Marguerite fait le portrait de l'hypocrisie et devient vite une farce tragi-comique, en évoquant la cruauté qui règne dans le milieu du spectacle. Dès lors, cette oeuvre devient intemporelle et son personnage central pourrait représenter les starlettes de la téléréalité d'aujourd'hui, à la différence primordiale qu'il n'y a chez lui aucune prétention, aucune volonté de célébrité.

On propose à Marguerite d'organiser un vrai concert et cette dernière s'y prépare assidûment en engageant un professeur de musique. Elle est la seule qui ignore que cet événement n'est qu'une farce dont elle sera le dindon. Son enthousiasme est si décontenançant que même son mari, pourtant peu enclin à voir son épouse humiliée en public, finira par la soutenir dans sa démarche. Certes, certains ne veulent pas lui dire la vérité par pure méchanceté, mais ces proches ne peuvent pas, de peur de la décevoir, de briser sa seule raison de vivre. Cette obsession ira jusqu'à la mettre physiquement en danger.

Avec énormément de subtilité, de pertinence et de réflexion, Xavier Giannoli signe un film très fort qui ne s'arrête pas à une vulgaire comédie ayant pour moteur la moquerie. Il soignent tous les personnages secondaires en leur accordant une place essentiel dans la vie de son héroïne. Le mari (impeccable André Marcon), qui semble au début laisser sa femme vivre son délire sans n'y porter aucun intérêt, finira par la comprendre et la soutenir.

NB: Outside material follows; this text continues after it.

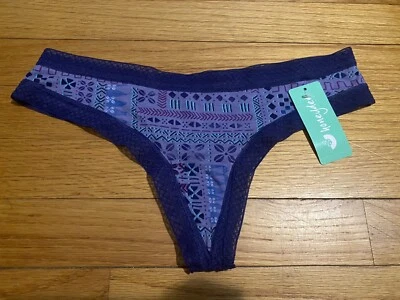 Tanga de encaje íntimo Honeydew para mujer talla pequeña Foto 1 de 2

Son majordome (magnétisant Denis Mpunga) sert sa maîtresse sans ne jamais remettre en cause sa folie et la protège de tout ce et ceux qui chercheraient à nuire à son épanouissement.

Le cinéaste offre un rôle en or à Catherine Frot qui incarne cette femme d'une complexité et d'une richesse extraordinaire. Sans ne jamais en faire trop, l'actrice tient son personnage d'une manière époustouflante et traverse tout le film avec une grâce et une justesse propres aux plus grandes dames de son métier. Elle est tout simplement impériale, tant dans les instants comiques qui sont très nombreux, que dans les moments plus tragiques et cruels où elle transcende la douleur qui fait souffrir son personnage.

Sublime portrait d'une société humaine malade qui refuse la folie et la marge, et se moque de ceux qui en sont victimes, consentantes ou non, Marguerite est une oeuvre majeure qui reste ancrée dans le coeur et l'esprit du spectateur, longtemps après que la salle obscure s'est rallumée.